The Holmes Report blog focuses on news and issues of interest to public relations professionals. Our main site can be found at www.holmesreport.com.

Friday, February 10, 2006

Command and Control PR: Sathnam Sanghera, writing in today’s Financial Times (hat tip to reader Mark Pinsent in London, who sent me the link even before I received my news alert from the FT) suggests that the growing power of PR people might be the reason CEOs are less willing to talk to him than they used to be. And since he writes with his usual good humor and fairness (“As with journalists, I have found that some PRs are excellent, while others have the charm and wherewithal of baboons”) it is probably worth paying attention.

I’m in Athens right now, speaking at a conference on Homo Consumerus, and on the flights here I managed to read most of Robert Scoble and Shel Israel’s Naked Conversations, in which much is made of the “command and control” school of public relations, which the authors insist is being rendered redundant by the transparency of the Internet.
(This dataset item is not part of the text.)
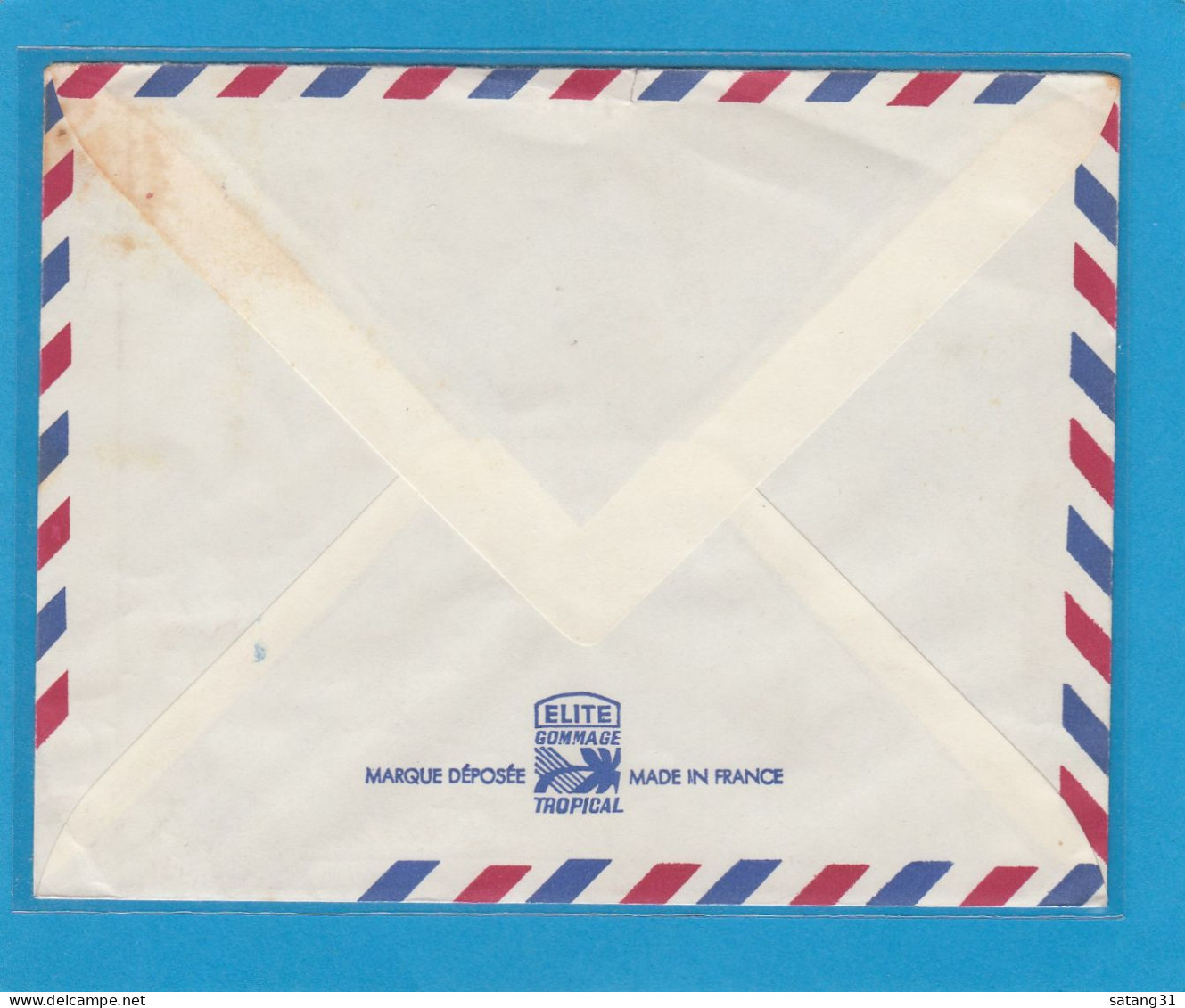 COMPAGNIE SAHARIENNE DU MATERIEL. LETTRE EN FRANCHISE POSTALE DE FORT FLATTERS OASIS POUR LA FRANCE,1962. - Militaire Stempels Vanaf 1900 (buiten De Oorlog)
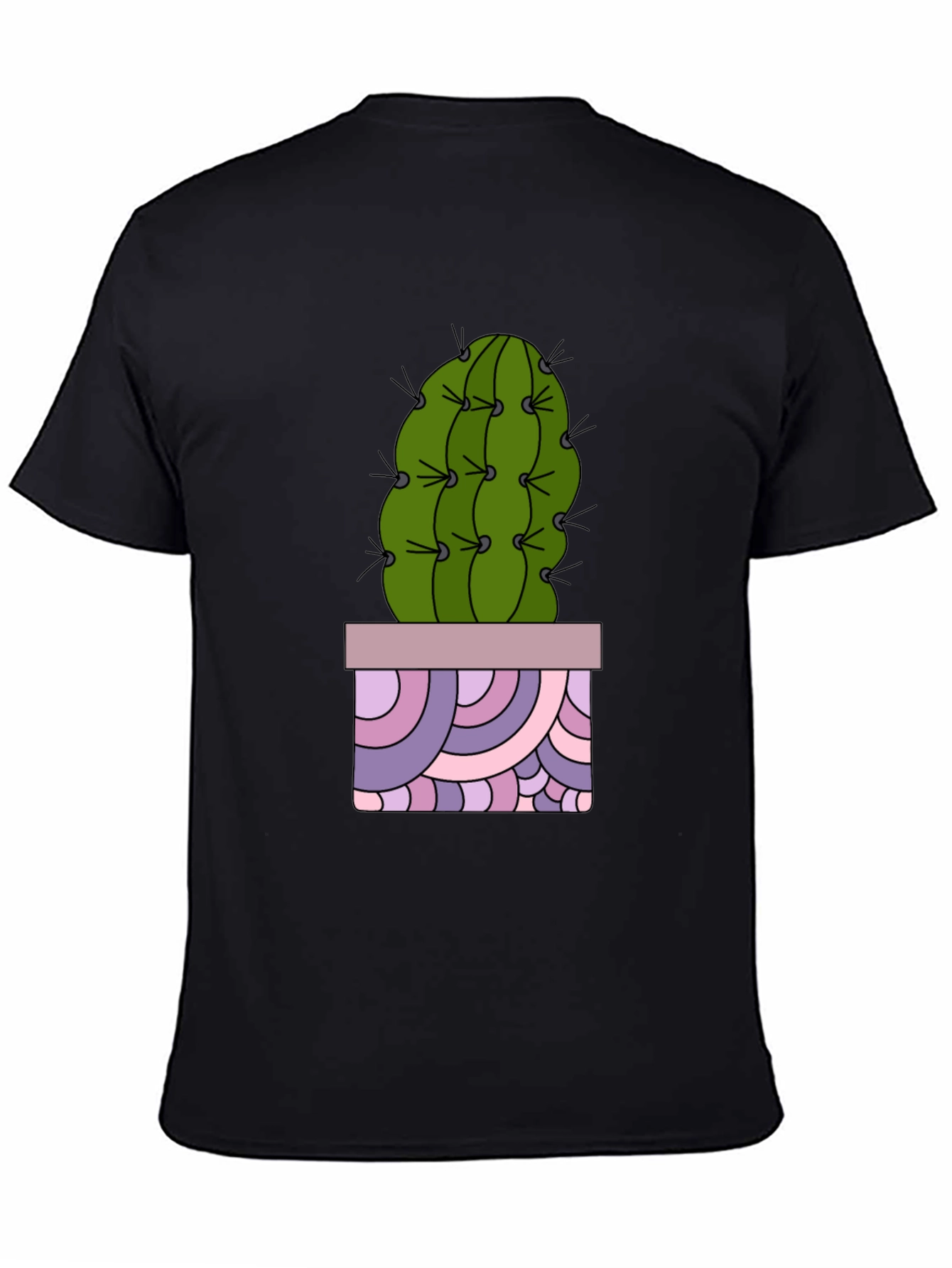 Cactus T-Shirt - Unique Potted Design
I was planning to offer a mild rebuke in my eventual review, to the effect that good PR people have always understood the importance of transparency and that any PR that attempts to exercise “command and control” is and always has been just bad PR. But Sanghera’s piece made me realize that my idealized view of this business ignores the fact that many (perhaps most) PR people do try to control access to the CEOs, often to an absurdly trivial level: “Last year, for a pretty inconsequential piece on executive cars, I called around the offices of eight leading chief executives to find out what vehicles they were driven in. All but two declined to comment.”

In most cases, I guess, the PR folks are just doing what their CEOs want, but the result is that in the cause of avoiding controversy they strip away any sense that the company is a collection of (flawed) human beings and reinforce the notion that it’s a huge, faceless, emotionless collective: the Borg. This does the company no favors. And those who practice PR this way are going to find it very difficult to adapt over the next few years.

2 Comments:

  • At 2:05 PM, Anonymous Anonymous said…

    The perhaps unofficial role of some PR professionals as gatekeepers was reflected in BL Ochman’s February 3 post about her interview with tagged.com’s CEO. Contrast that with YFly’s young CEO, who decided to speak with me openly, candidly, and without his PR team present. It’s a two-way street, in my opinion: PR folks need to know when to back off, and company leaders need to know when to go it alone (assuming they’ve been trained in how to speak to the media).

     
  • At 8:59 PM, Anonymous Anonymous said…

    Thanks you for these kind comments about our book. In fact, I practiced PR for over 20 years and feel that led a highly ethical life. But commanding and controlling message was what I was expected to do. It was and is the standard operating practice of most of the PR industry. There were reasons why this all made sense for a great many years. But now times are changing and PR agencies are in the path of an enormous disruption thathas gobe too far to stop.